Hi everybody! Welcome to episode #63! Today we’re looking into paid social media – is that where we’re headed now? Has the ‘free lunch’ ended? People often ask us about getting ‘free’ traffic, but is this really still available?
What did Andrew and Heather learn this week?
Heather has been bombarded with scam emails! Many of them have been fake Paypal messages, wanting you to ‘click the link to secure your account’. Don’t do it! This takes you to what looks like a legitimate site, but it’s a scam to try and get hold of your login details. Always check that the URL is simply paypal.com – nothing added on to it, no spelling mistakes etc. When in doubt, one tip is to go and log into your Paypal account (in a separate tab) and get hold of Paypal via their contact function.

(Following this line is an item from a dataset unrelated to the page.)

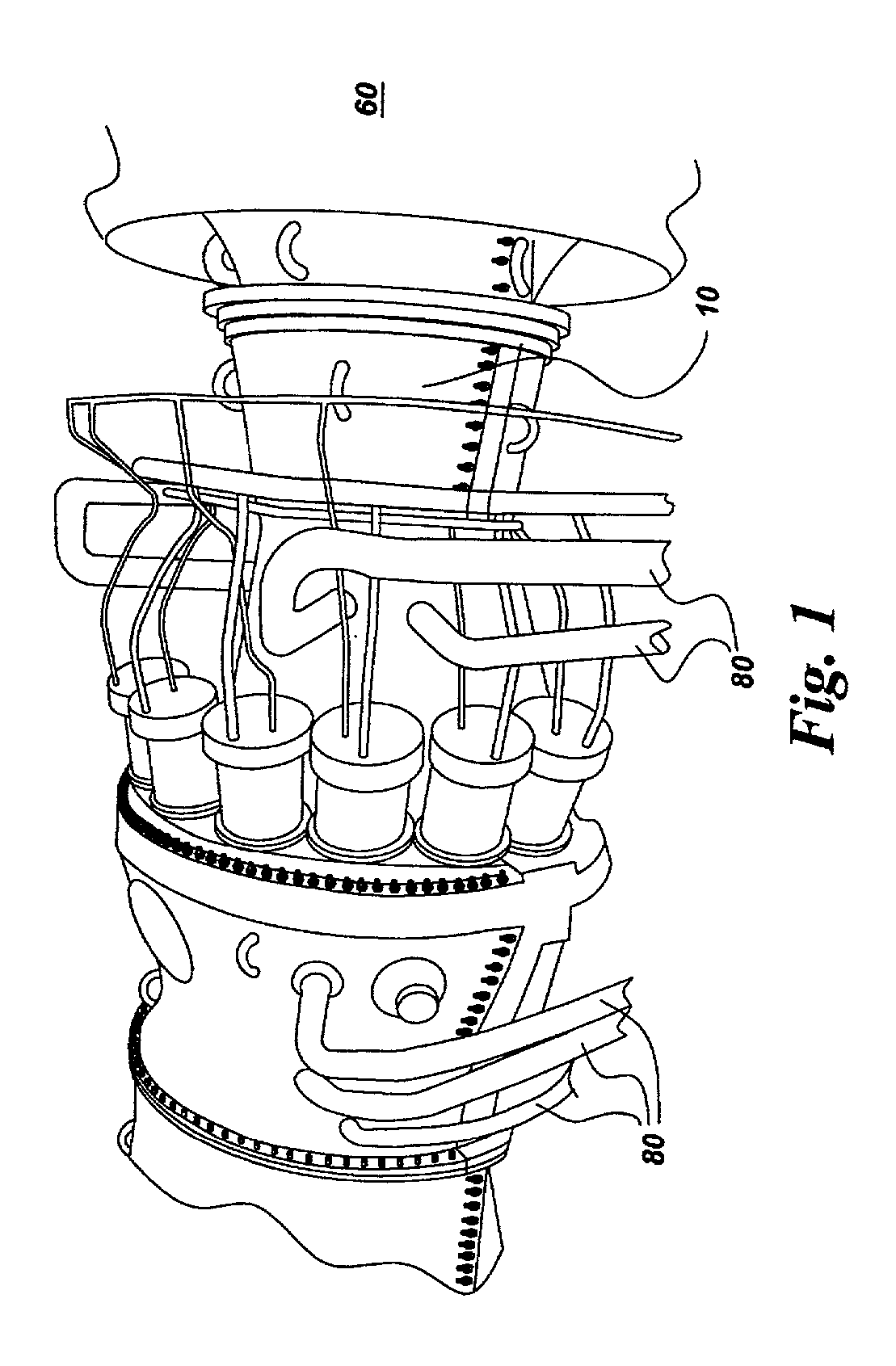 Method and system for controlling distortion of turbine case due to thermal variations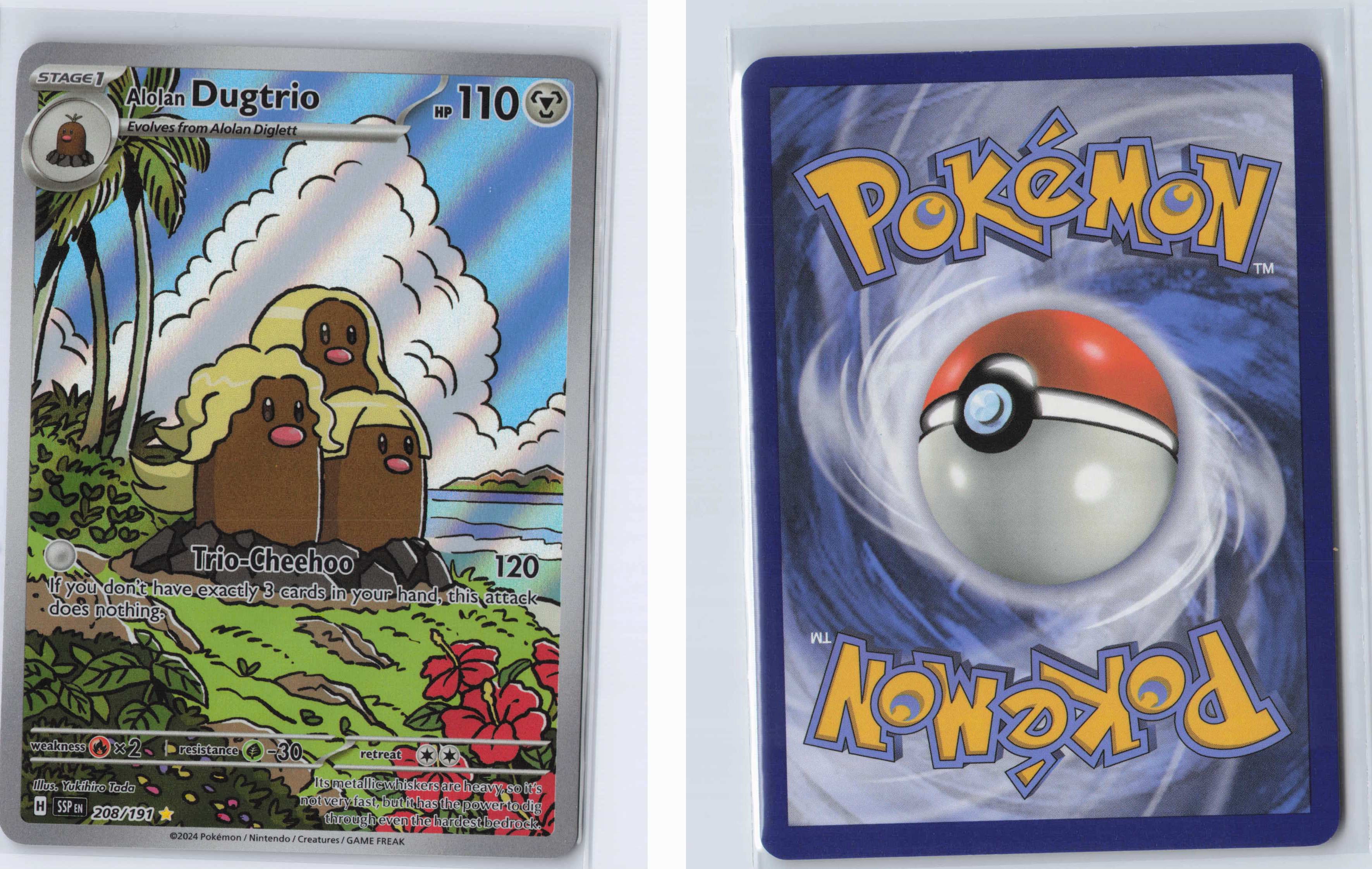(#208/191) Alolan Dugtrio [SV08: Surging Sparks]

Andrew has recently been made aware of the Cryptolocker virus. This one is nasty! It gets into your computer and locks down all of your files, then asks for payment to unlock them. Make sure you have solid user names and passwords, and that your anti-virus software is up to date.
The free-lunch was great while it lasted, but with changes made to social platforms (such as Facebook’s heavy emphasis on advertising), businesses are really now needing to pay money to make effective use of them.
There are some powerful advantages though, we feel:
- You are able to target your ads or promoted posts very specifically.
- Ability to target is much more effective than traditional banner advertising.
- These are a very fast way to get traffic to your business.
If, as a user, the fact that so much information is available about you disturbs you, the only solutions are to either not be online or to severely restrict what details you do share. All of these things such as interests and demographic information are taken from your profiles online and the types of posts you are tagged in.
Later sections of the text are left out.